Niezliczone opcje rozrywki wabią na każdym kroku, a urok natychmiastowego i łatwego sukcesu kusi wielu. Jednak wybór własne, niepowtarzalnej drogi, pomimo wielu krzyczących billboardów i nawołujących ludzi, jest wyrazem wyrozumiałości i autentyczności. Bez ścieżek na skróty. Mimo przeszkód, wątpliwości i pokus.
Ujęcia do kampanii „Focus Forward” marki Tissot nakręcone zostały na ulicach Warszawy.
Foto: Materiały prasowe
Wyobraź sobie, że jesteś na dużej stacji kolejowej i sprawdzasz wszystkie możliwe trasy. Przed Tobą otwiera się tyle opcji, przeżyć, przygód. Perspektywa jest ekscytująca, ale może powodować poczucie zagubienia. Życie jest pełne wyborów, jednak kierunek obierasz samodzielnie. Chociaż świat oferuje niezliczone ścieżki, to Twoje starania i decyzje wytyczą Twoją własną, niepowtarzalną drogę. Każda chwila, każdy krok przybliżają Cię do miejsca, w którym pragniesz się znaleźć.
Niesieni upływem czasu – historia marki Tissot
Na wystawie światowej zorganizowanej w Filadelfii w 1876 roku szwajcarscy zegarmistrzowie po raz pierwszy dostrzec mogli wpływ uprzemysłowienia na proces produkcji zegarków.
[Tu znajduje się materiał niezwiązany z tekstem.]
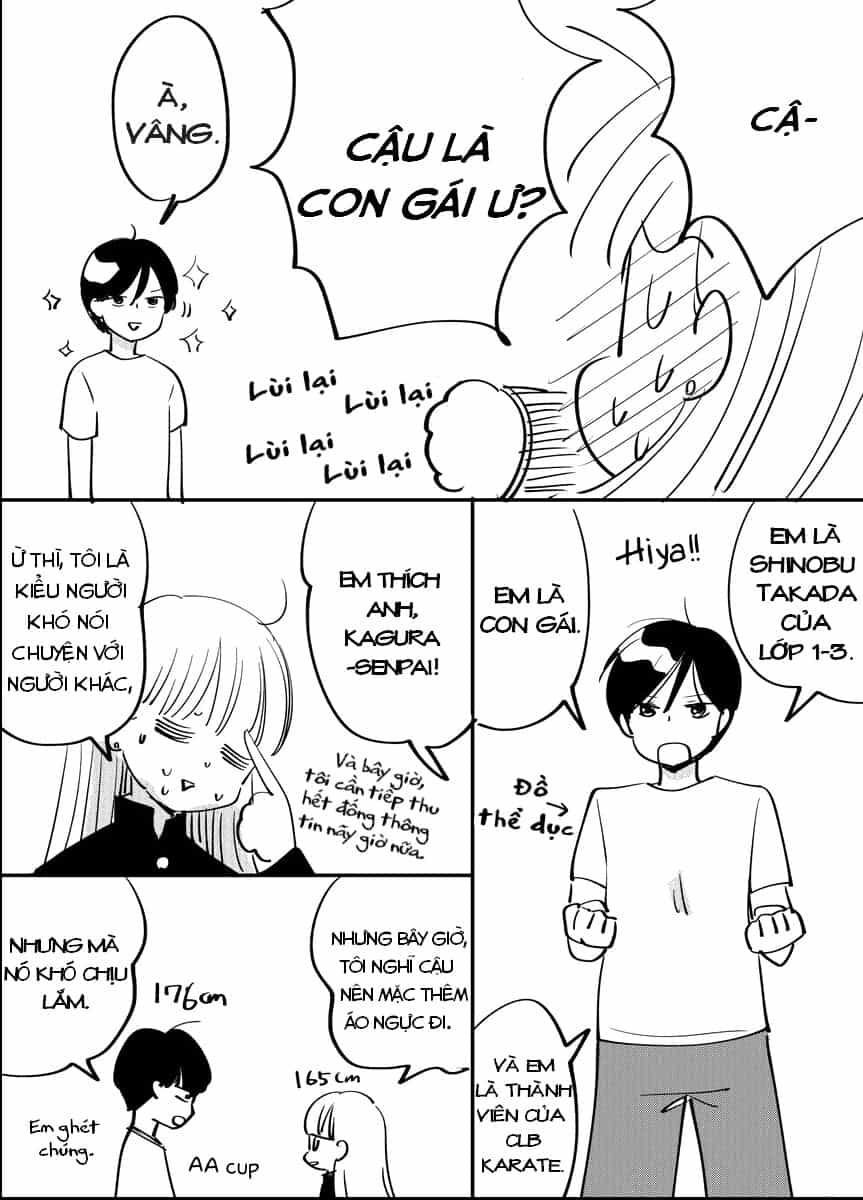 Series Oneshot - Chương 1 - ảnh 4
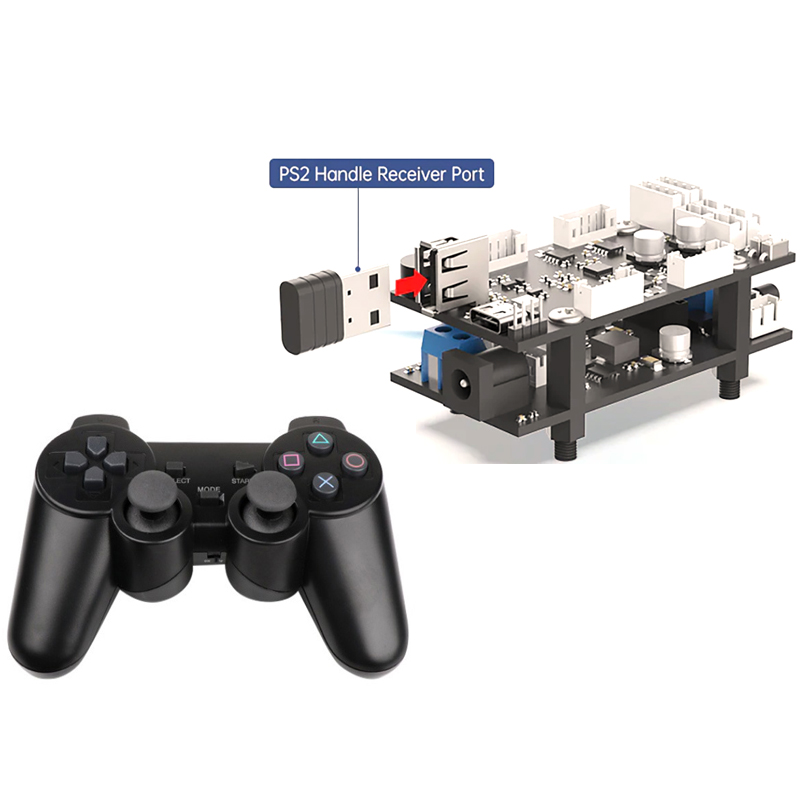 บอร์ดควบคุม ROS STM32 สำหรับเซ - Raspberry Pi 4 บทวิจารณ์และราคา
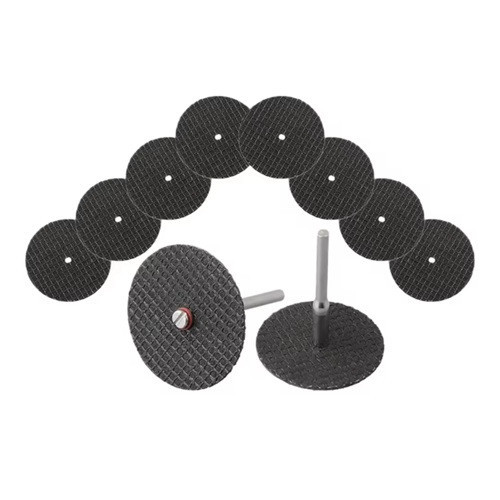 Набор отрезных кругов для гравера, 10 шт, 32 мм Киев - изображение 3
Tam, gdzie wielu widziało upadek tradycji, Tissot dostrzegł szansę i na nowo zdefiniował swoją strategię, tak aby starannie wykonane zegarki mogły stać się dostępne dla wszystkich.
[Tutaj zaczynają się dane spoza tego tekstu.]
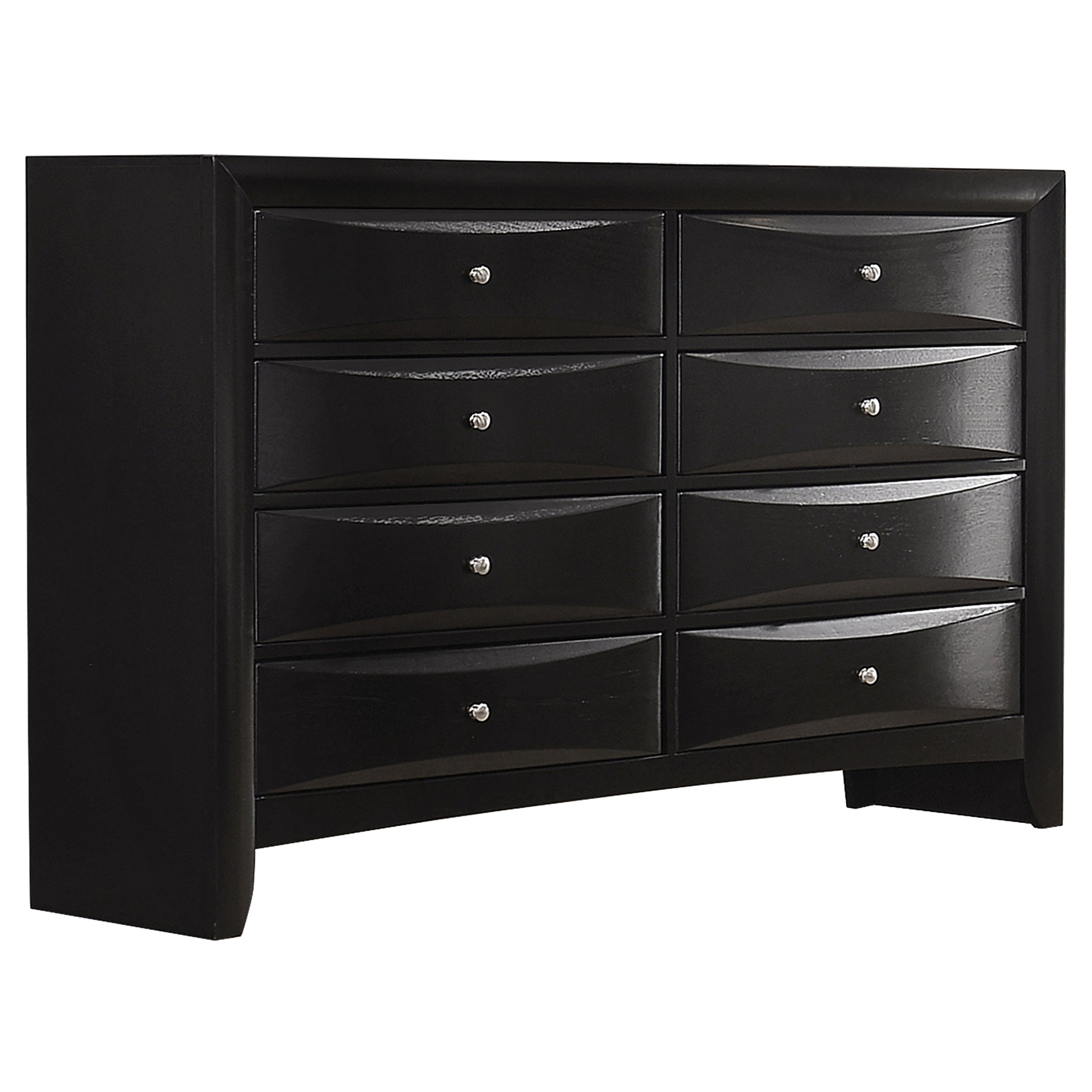 Briana Bedroom Set Black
Tissot PRX z automatycznym mechanizmem Powermatic 80 i kopertą w kolorze Ice Blue.
Foto: Materiały prasowe
Od końca XIX wieku zegarmistrzowie coraz bardziej obawiali się rozwoju elektryczności. Obecna już niemal w każdej dziedzinie życia codziennego, generowała pola magnetyczne wpływające na działanie zegarków. W 1930 roku, po wielu latach badań, marka Tissot była w końcu gotowa na wprowadzenie na rynek pierwszego na świecie odpornego na siły magnetyczne zegarka na rękę, co stanowiło dowód nieustępliwości i zaangażowania marki w niezawodność.